Exercise directions: Only the lines from the one with "Okra and sausages salad" to the end of the data, both ends included, should be output, exactly as they stand and without pictures.

Dataset section:
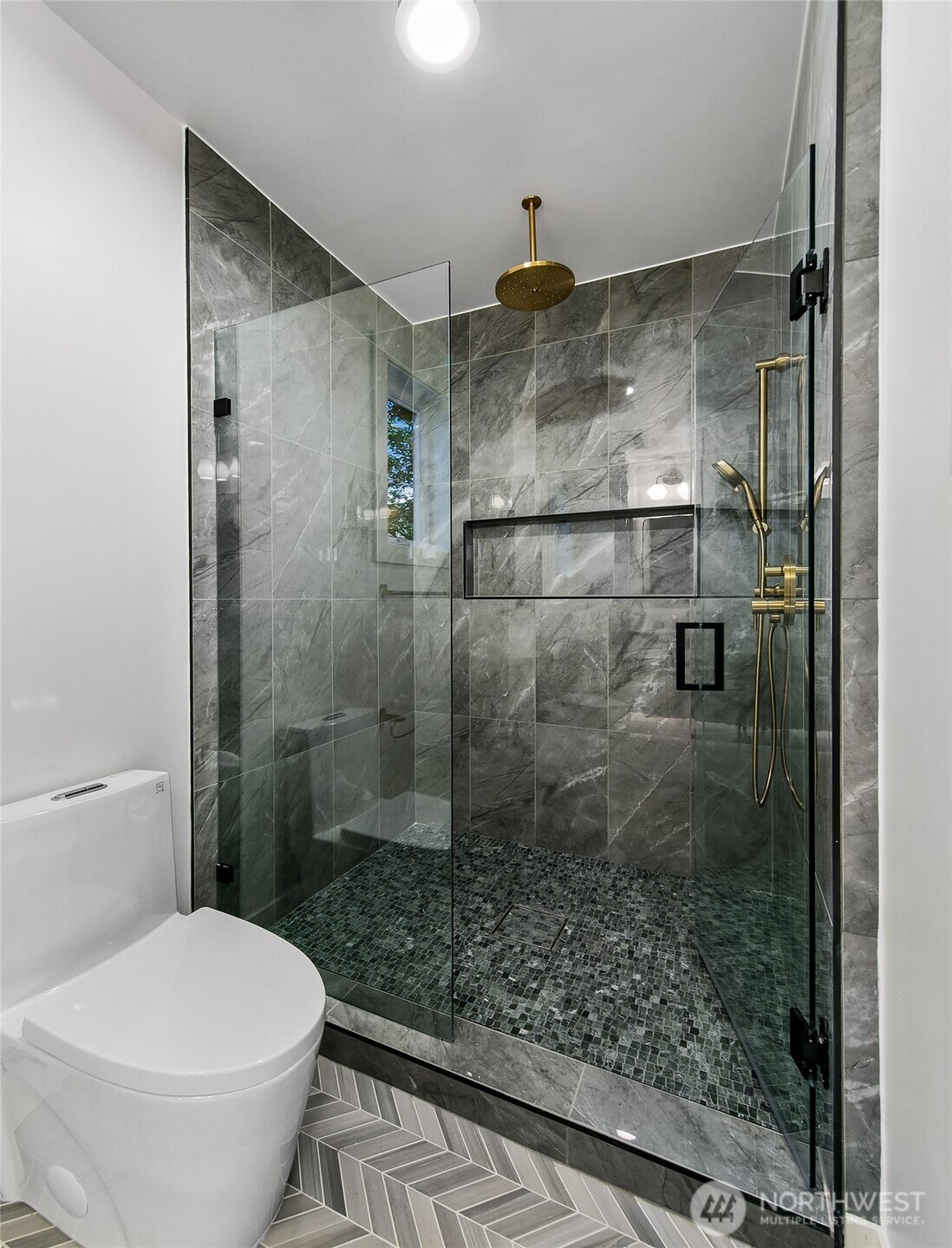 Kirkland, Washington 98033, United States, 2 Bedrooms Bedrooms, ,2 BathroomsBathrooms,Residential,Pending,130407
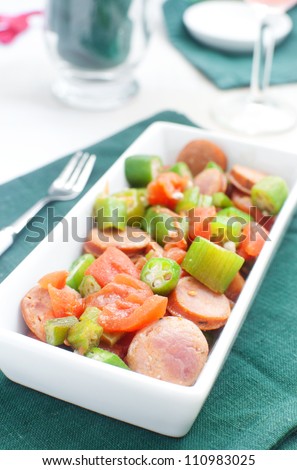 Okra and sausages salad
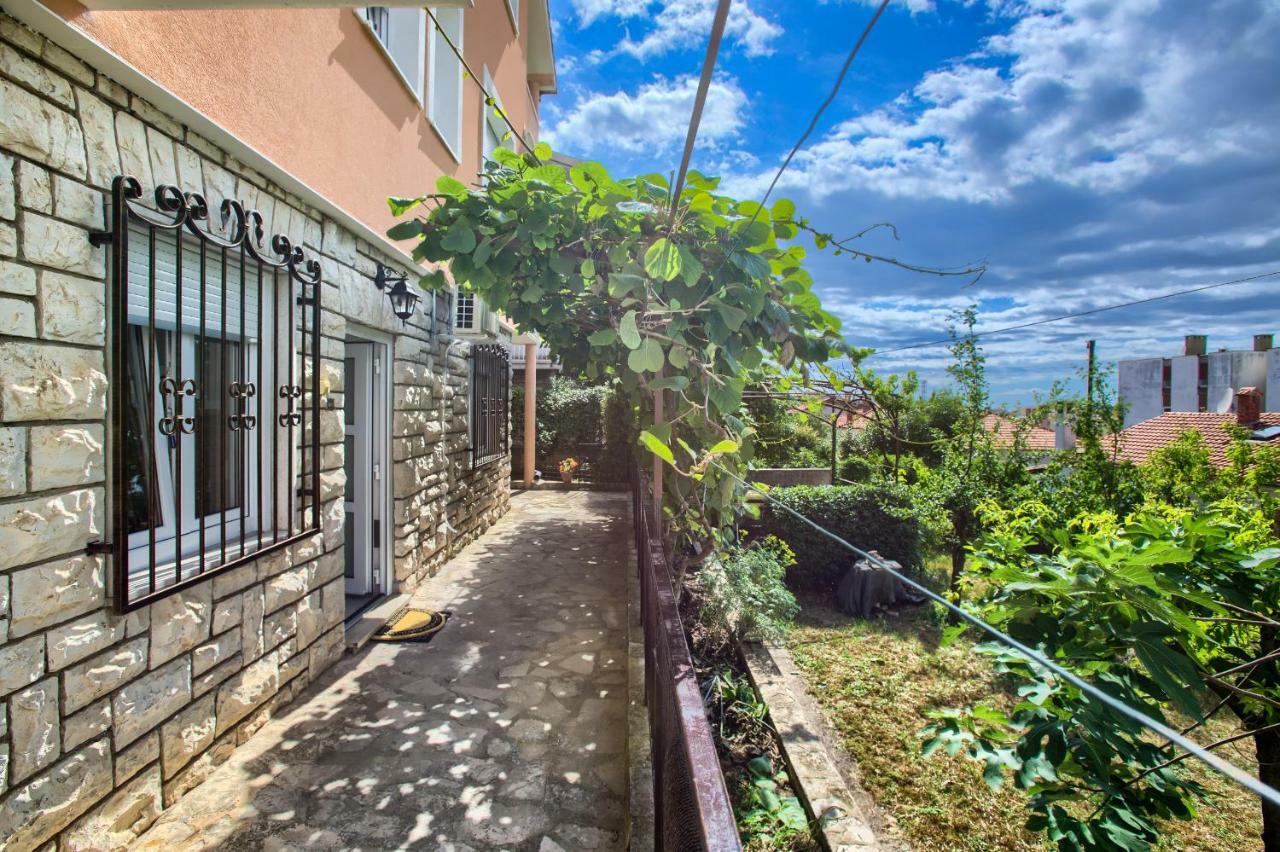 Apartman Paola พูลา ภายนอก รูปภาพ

Exercise answer:
 Okra and sausages salad
 Apartman Paola พูลา ภายนอก รูปภาพ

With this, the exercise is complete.